- Born: June 27, 1997
- Died: January 1, 2026 (aged 28) Azna County, Lorestan province
- Cause of death: Killed by Islamic Republic of Iran in the 2025–2026 Iranian protests

= Killing of Shayan Asadollahi =

2025 death of Iranian protester

Shayan Asadollahi (c. June 27, 1997 – January 1, 2026) was an Iranian protester who was shot dead by security forces during a protest in Iran.

==Background==

Starting on 28 December 2025, widespread protests erupted across Iran amid a deepening economic crisis and growing public frustration with government corruption, and demands for the end of the regime. The protests were Initially triggered by soaring inflation, skyrocketing food prices, and the Iranian rial's sharp depreciation, but quickly expanded into a broader movement demanding political change and the end of the Islamic Republic, with slogans like "Death to the Dictator", referring to supreme leader Ali Khamenei, and "Long live the Shah", referring to Reza Pahlavi. The demonstrations began in Tehran's Grand Bazaar, and spread to universities and major cities including Isfahan, Shiraz, and Mashhad, drawing students and merchants alike, many of whom cited government corruption, mismanagement, and prioritization of foreign conflicts over domestic needs as major grievances.
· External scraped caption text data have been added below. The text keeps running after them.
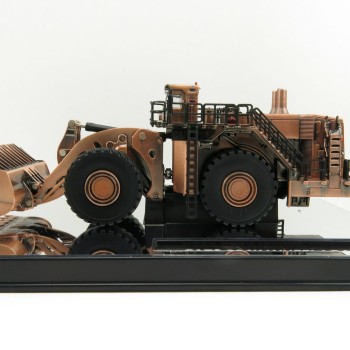 Diecast Masters 85672 - Caterpillar Cat 994K Mining Wheel Loader Copper Finish Special Elite Series New 2021 - Scale 1:125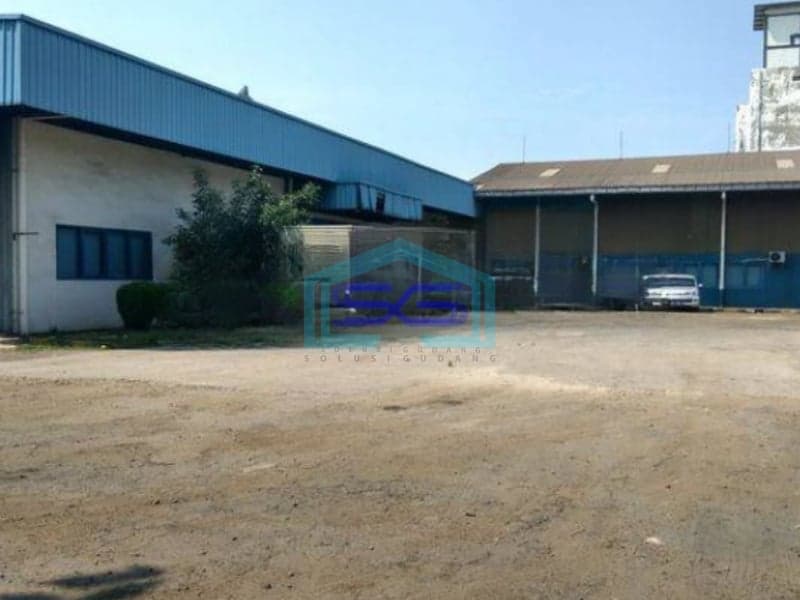 Dijual Murah Gudang di Pulo Gadung Jakarta Timur LT 6445 M2 Dalam Kawasan Jiep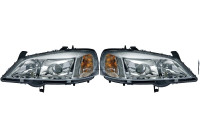 Headlight Set SET_1EL 008 329-251 Hella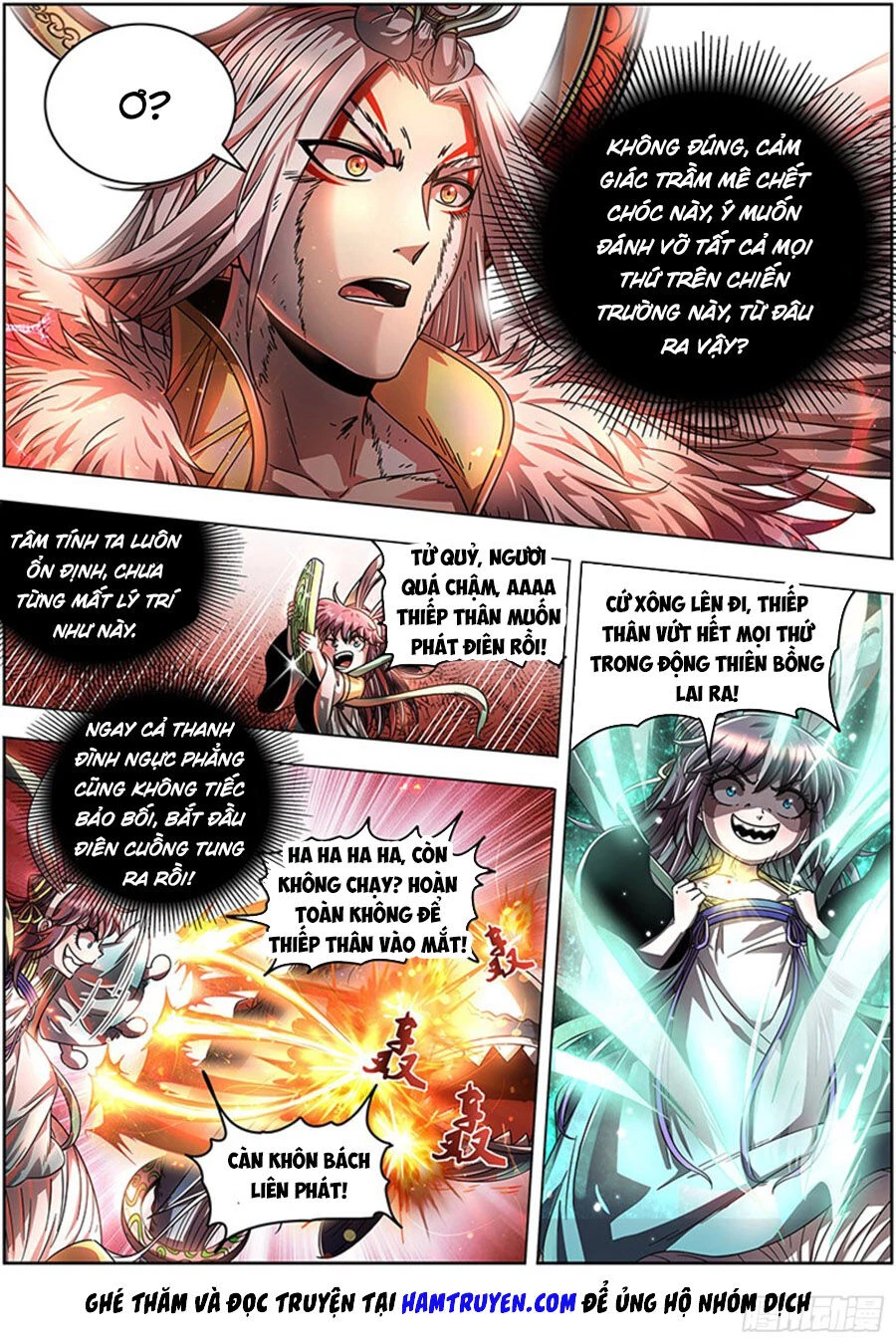 Ngự Linh Thế Giới Chapter 430 - Trang 4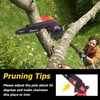 2-IN-1 Cordless Pole Saw and Mini Chainsaw, 8 Inch Brushless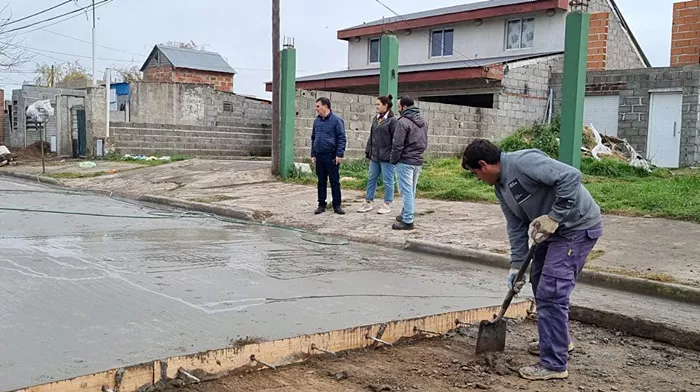 Obras de pavimento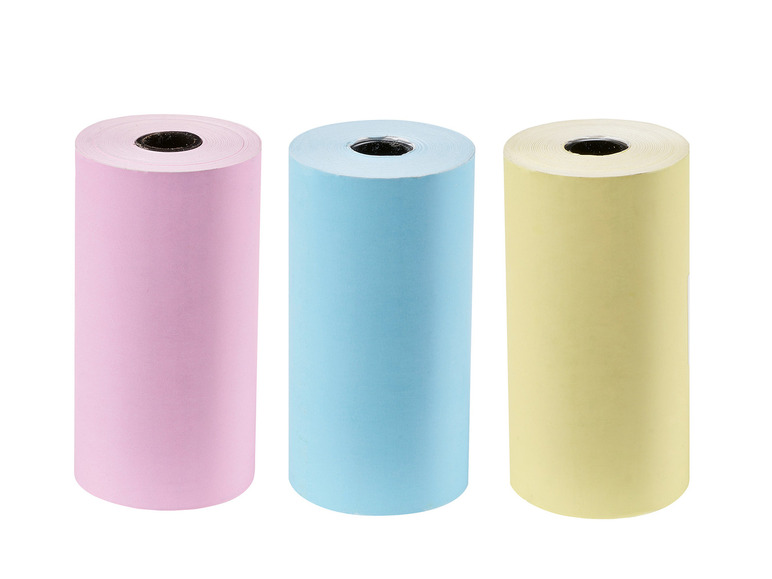 SILVERCREST® Fotopapier, 3 Stück, für Mini Pocket Printer Wochenangebot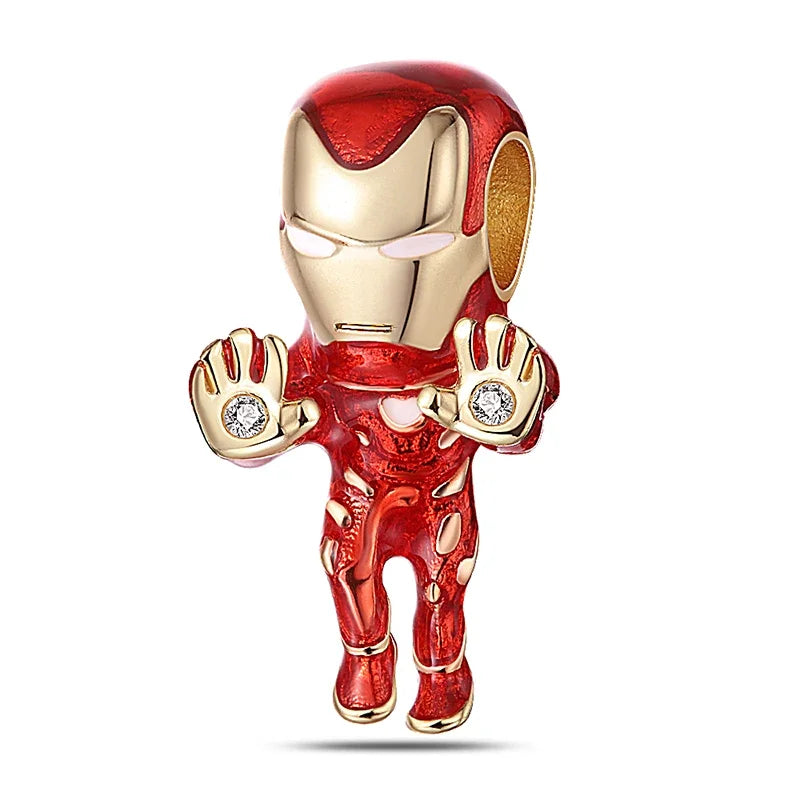 MINISO Potter Charm Bead 925 Sterling Silver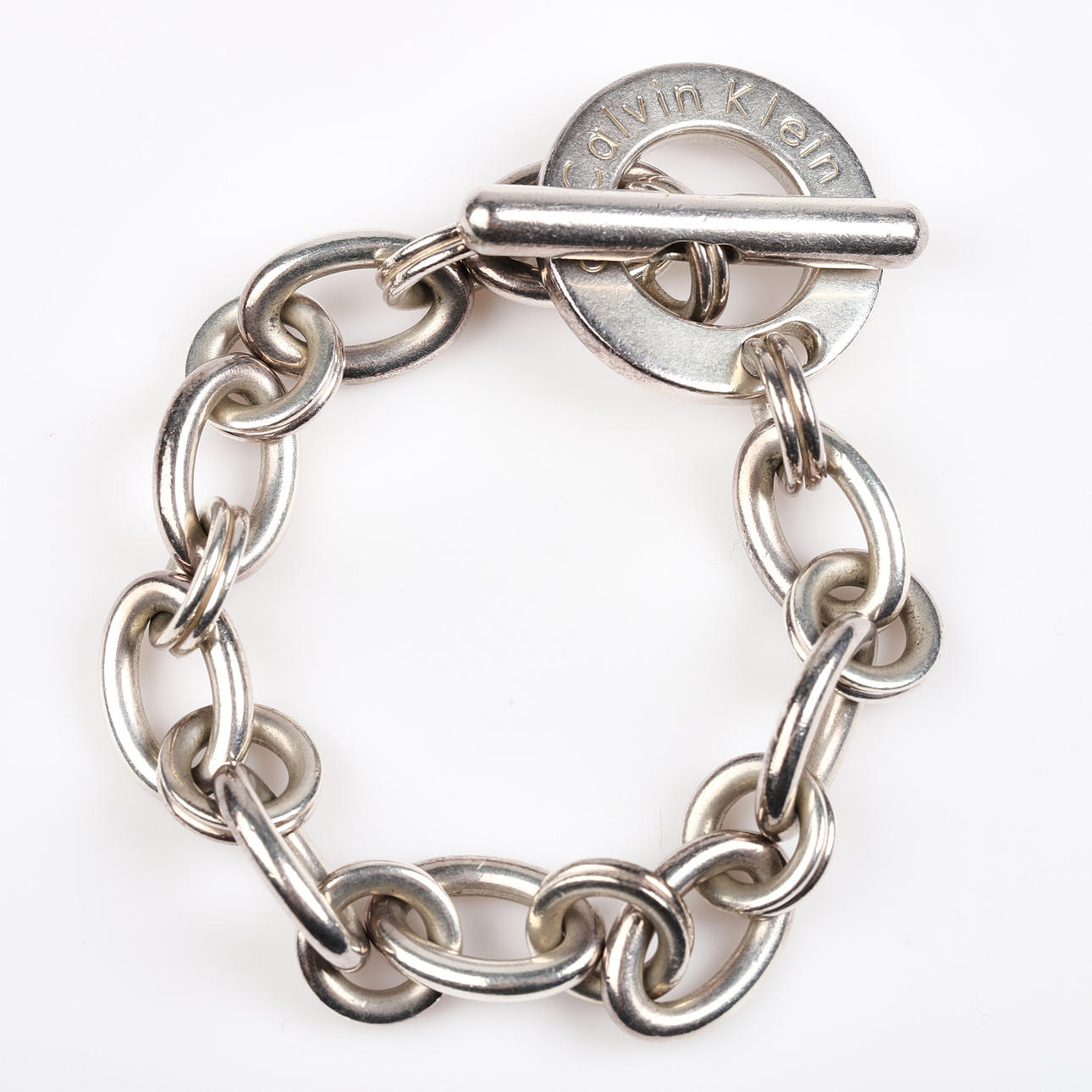 BRACELET, sterling silver, Calvin Klein.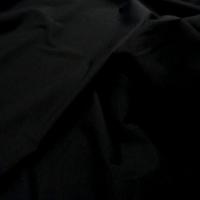 Maille mousse lycra noire 2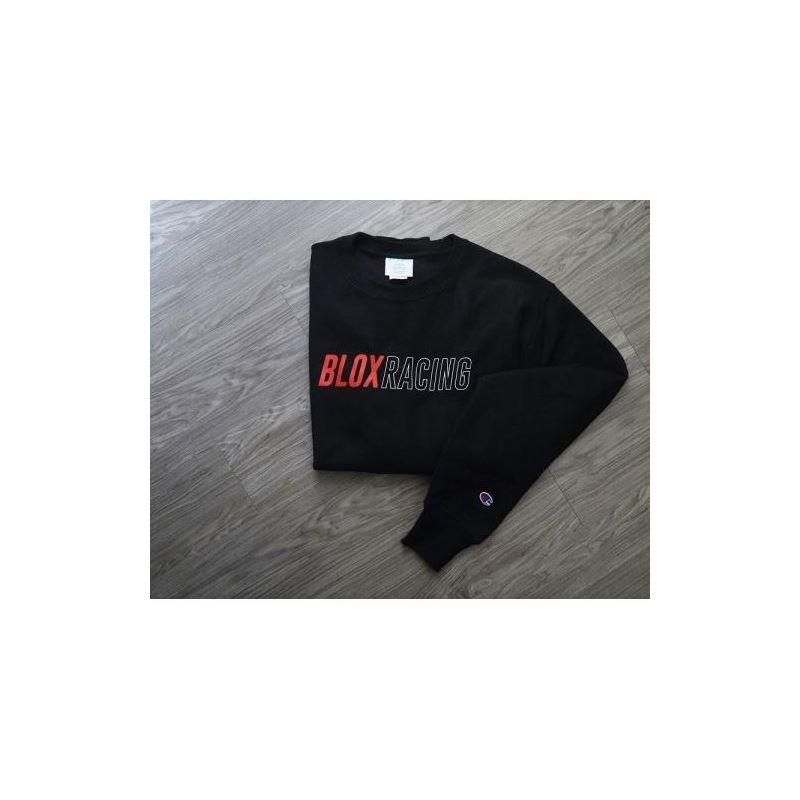 Blox Racing Blox Block Letters Sweatshirt, Size Sm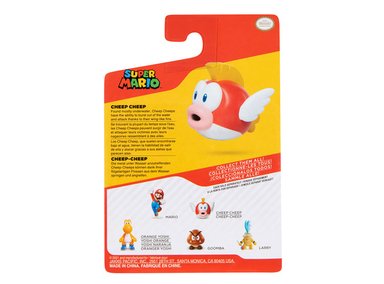 FIGURA NINTENDO CHEEP CHEEP 2.5 - 4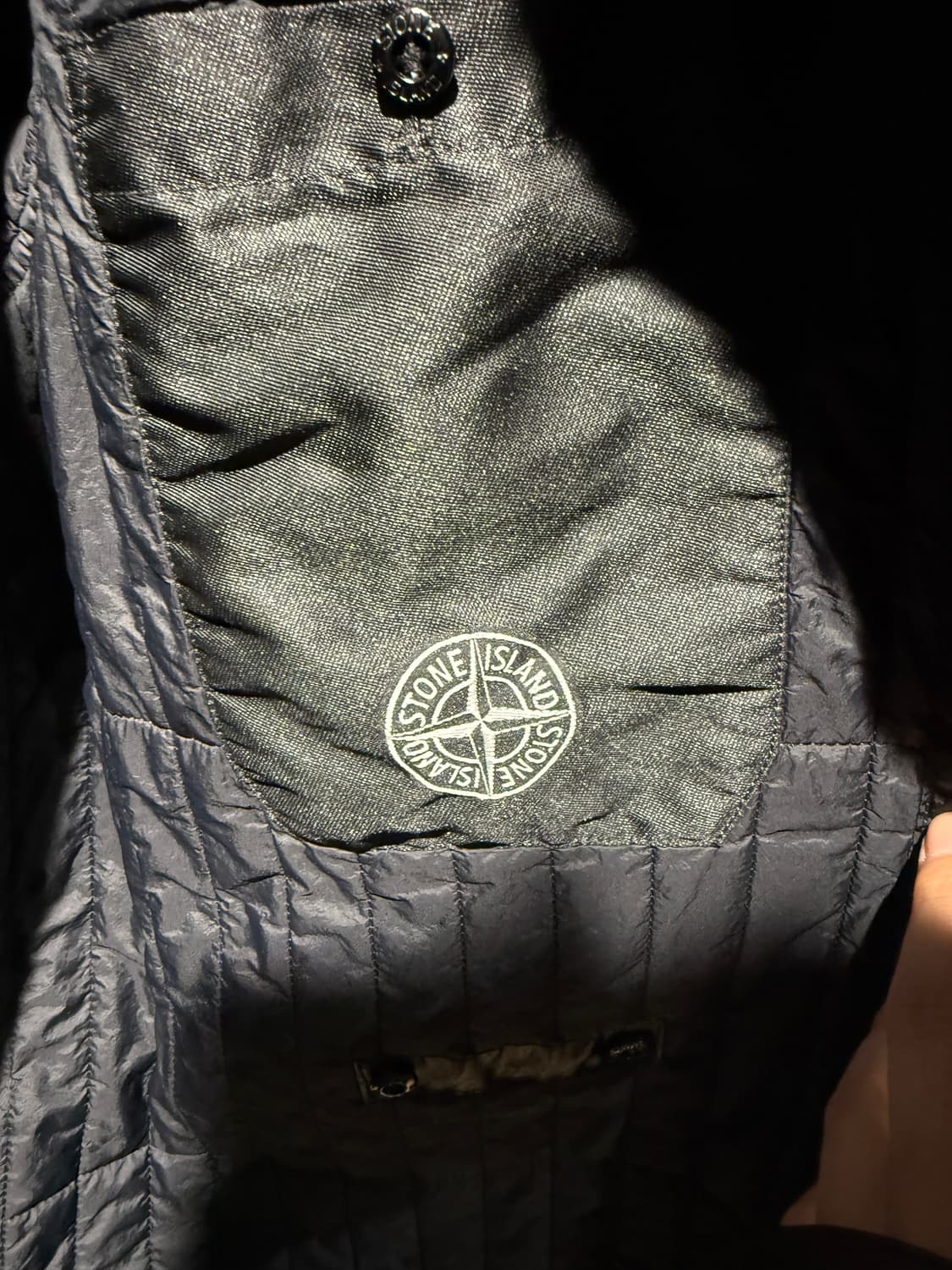 [XL] 스톤아일랜드 24FW 글라스 TC 롱 상품이미지7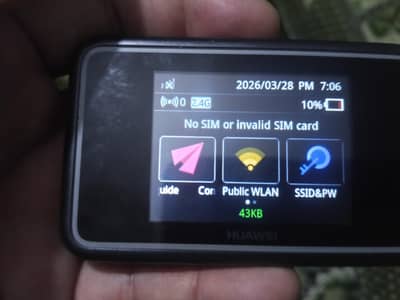 Huawei Touch Screen Wifi Device E5383s-327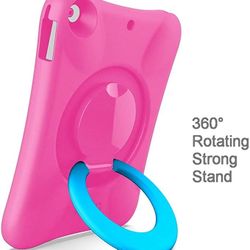 NLR Kids EVA Case for iPad | Multi-Direction Stable Stand | Compatible with 9.7-Inch New iPad 2018/2017 (6th/5th Generation) / iPad Air 2 / iPad Air (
The economic crisis, worsened by the 2025 conflict with Israel, reimposed UN sanctions, chronic inflation (42.2% in December), and food and health price surges of 50–72%, left merchants struggling to trade and households struggling to survive. Calls for reform grew alongside outrage over energy shortages, water crises, and civil rights abuses, and by early January 2026, dozens of protesters had been arrested, with reports of security forces firing live ammunition directly at demonstrators.

==Personal life==
Shayan Asadollahi was a barber, aged 28 at the time of his death, from Azna County, Lorestan province. He was of Lur ethnicity, according to Hengaw.

==Killing==
Asadollahi was killed on 1 January 2026 by direct gunfire from security forces (including IRGC pickup trucks) while returning from a protest. He was shot in the abdomen with live ammunition. He was one of three protesters killed in Azna that evening, alongside a 15-year-old teenager (Mostafa) and Vahab Musavi/Ghaedi.